Unmasking a fungal fire

Authors:
Ivy M. Dambuza, et al.

1. How does ICI therapy work?

T-cell exhaustion is a tolerance mechanism that occurs in settings of persistent antigen exposure such as in chronic infections or in certain cancers. Compared to fully activated functional effector T cells, exhausted cells are desensitised to antigen stimulation, instead display defective responses including a high expression level of inhibitory receptors, decreased cytokine expression, altered epigenetic and metabolic transcriptional states, and inability to enter a quiescence-like state seen in memory T cells [1]. Inhibitory receptors serve as a checkpoint that prevents excessive immune activation during T cell receptor (TCR) and CD28 engagement (Fig 1). Indeed, in the clinic, some cancer patients treated with antibodies targeting inhibitory receptors commonly known as immune checkpoint inhibitors (ICIs) including programmed cell protein death 1 (PD-1) [anti-PD-1 (pembrolizumab, nivolumab, and cemiplimab)], cytotoxic T lymphocyte antigen-4 (CTLA-4) [anti-CTLA-4 antibody (ipilimumab)], LAG3 and others (reviewed elsewhere [2]), showed improved survival associated with restored effector T-cell function and improved anticancer immunity.
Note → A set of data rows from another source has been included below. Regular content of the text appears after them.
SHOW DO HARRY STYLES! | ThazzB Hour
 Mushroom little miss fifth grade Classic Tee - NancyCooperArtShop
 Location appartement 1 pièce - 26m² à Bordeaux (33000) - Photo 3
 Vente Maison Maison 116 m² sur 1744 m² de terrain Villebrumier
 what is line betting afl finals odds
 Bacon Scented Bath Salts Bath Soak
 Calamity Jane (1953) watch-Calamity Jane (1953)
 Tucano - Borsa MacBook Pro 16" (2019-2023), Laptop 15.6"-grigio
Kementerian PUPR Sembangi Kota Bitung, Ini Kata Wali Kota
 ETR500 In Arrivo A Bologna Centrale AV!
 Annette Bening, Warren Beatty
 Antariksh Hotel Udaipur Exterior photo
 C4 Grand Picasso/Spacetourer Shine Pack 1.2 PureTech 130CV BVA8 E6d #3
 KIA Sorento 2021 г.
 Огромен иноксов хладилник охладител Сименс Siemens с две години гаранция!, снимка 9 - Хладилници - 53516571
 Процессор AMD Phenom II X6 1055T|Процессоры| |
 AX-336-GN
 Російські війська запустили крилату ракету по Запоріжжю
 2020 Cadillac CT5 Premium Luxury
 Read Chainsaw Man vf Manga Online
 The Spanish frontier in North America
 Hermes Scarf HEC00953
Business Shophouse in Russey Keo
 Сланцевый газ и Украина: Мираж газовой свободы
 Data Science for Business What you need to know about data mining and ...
Following T-cell activation, CTLA-4, which has a higher affinity to B7 molecules (CD80 and CD86, expressed on antigen presenting cells (APCs)) is translocated to the cell membrane and outcompetes CD28, effectively inhibiting further T-cell activation and proliferation (Fig 1). In addition, CTLA-4 is critical for regulatory T cell (Treg) function, which also acts to dampen immune response. PD-1, following interaction with its ligands PD-L1 or PD-L2, imposes negative regulation via recruitment of the tyrosine phosphatase SHP2 that attenuates TCR and CD28 signalling [3]. These negative regulatory mechanisms are overcome by anti-CTLA-4 and anti-PD1/PD-L1/PD-L2 blockade and other ICIs (Fig 1).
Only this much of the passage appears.